I say, Get over it! It's just a neck! If you hate your purse, clean it out, throw it out, do without.

Funny, Nora Ephron hides her neck under scarves and turtlenecks in one essay, but in another proclaims, "My religion is Get Over It."

Contradictory! But, God, I love her for it.

I didn't love her in the beginning. She struck me as just too … snarky. Mean. Did you read how she ripped up sweet Tricia Nixon? And so very personal, too. I mean, do we really need to know every thought or feeling she's ever had, or that she's more interested in sex than Norman Mailer? (And, how does she know?)

So in the beginning of this boulder of a book, a posthumous collection of her life's work, I wasn't sure I could finish. Pieces she wrote in the 1970s, as a budding journalist, first at the skanky New York Post, seemed silly, insignificant, peevish. But I stuck with her, into her life as an advocate, a profiler of other women, a novelist ("Heartburn"), a playwright ("Lucky Guy") and a screenwriter ("When Harry Met Sally"). She begins to write about food, to blog about politics and finally — although she did it fitfully all her life — to turn very, very intimate about her soul and spirit and story.

Hang with her. You will learn some astonishing things — that, for example, she herself did not write the most famous line from "When Harry Met Sally," from an older woman at a deli after Sally fakes an orgasm: "I'll have what she's having." When you read or re-read "Heartburn," you should know it is an extremely thinly veiled rendition of the collapse of her second marriage, to star Watergate journalist Carl Bernstein.
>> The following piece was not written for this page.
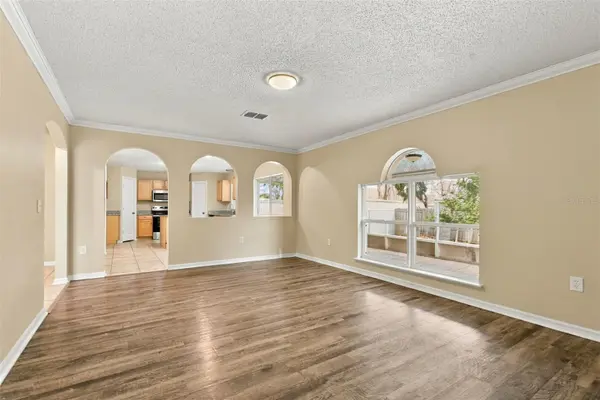 2228 SANDRIDGE CIR, Eustis, FL 32726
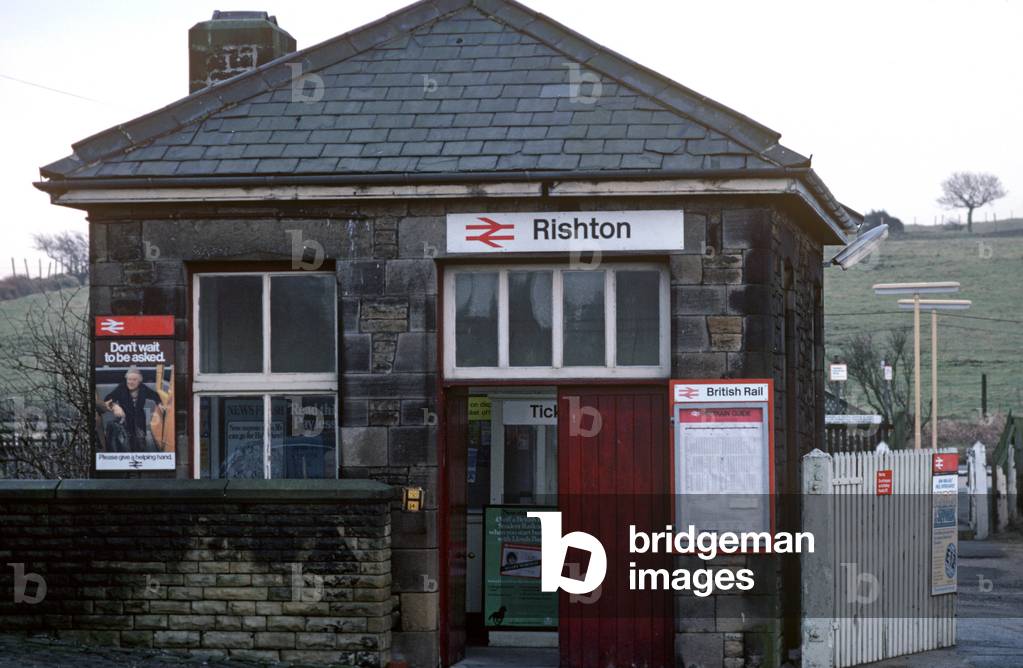 Rishton station on the British Rail Preston to Colne railway line, Lancashire, Great Britain, 1982 (photograph)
You will learn that after that divorce, she spilled the secret of Deep Throat's identity to anyone who would listen. You will come to know her as a sister, ripening like a peach with the approach of old age, growing not just wittier but wiser and deeper and even forgiving.
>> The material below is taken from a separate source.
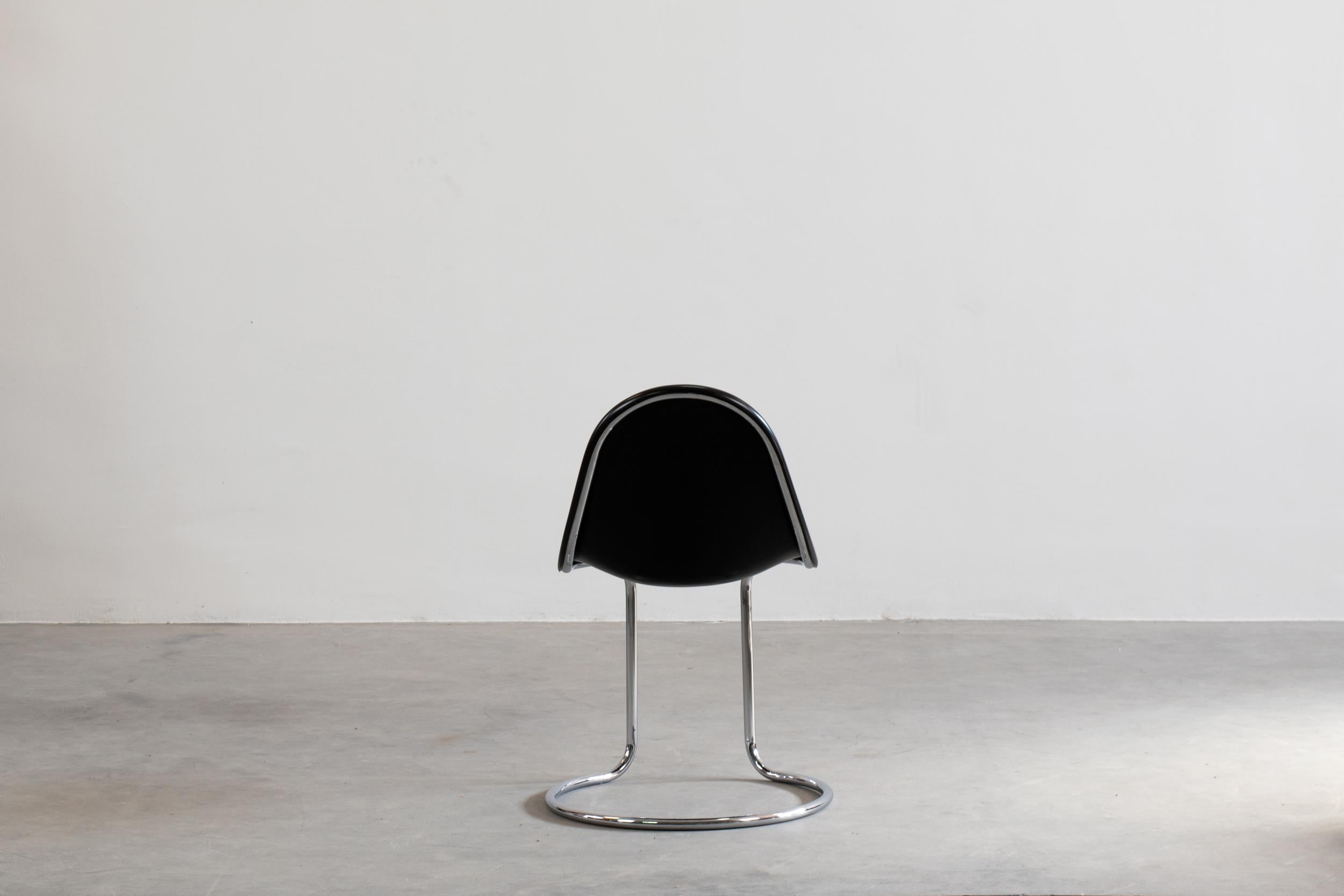 Milieu du XXe siècle Giotto Stoppino Ensemble de trois chaises Maia en ABS noir et acier par Bernini 1970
Ephron writes as I've tried to in this review, with a jaunty, rambling self-confidence. She is a puppy who will jump into your lap and lick you, whether you like it or not. An example is the beginning of "The O Word," each sentence its own paragraph:

"I am old.

"I am sixty-nine years old.

"I'm not really old, of course.

"Really old is eighty.

"But if you are young, you would definitely think that I'm old."

And a few lines later, in a litany of how being old appears: "Your cleavage looks like a peach pit."

She also totally gets it about marriage and divorce and love and the "insane grief" of losing it. "When you've had children with someone you're divorced from, divorce defines everything; it's the lurking fact, a slice of anger in the pie of your brain."

She is more clever than any of my friends or yours, and more entertaining than any of your family. With her, 555 pages fly by like 555 miles in a 747 (except for those first hundred pages or so). By the end, she forgives Carl Bernstein (never naming him). And she faces death, which will take her in 2012 at the oh-too-young age of 71. By then, you will have forgiven her youthful callousness and embraced her.

Or at least I did. But what do I know? I feel good about my neck, my cleavage is good enough.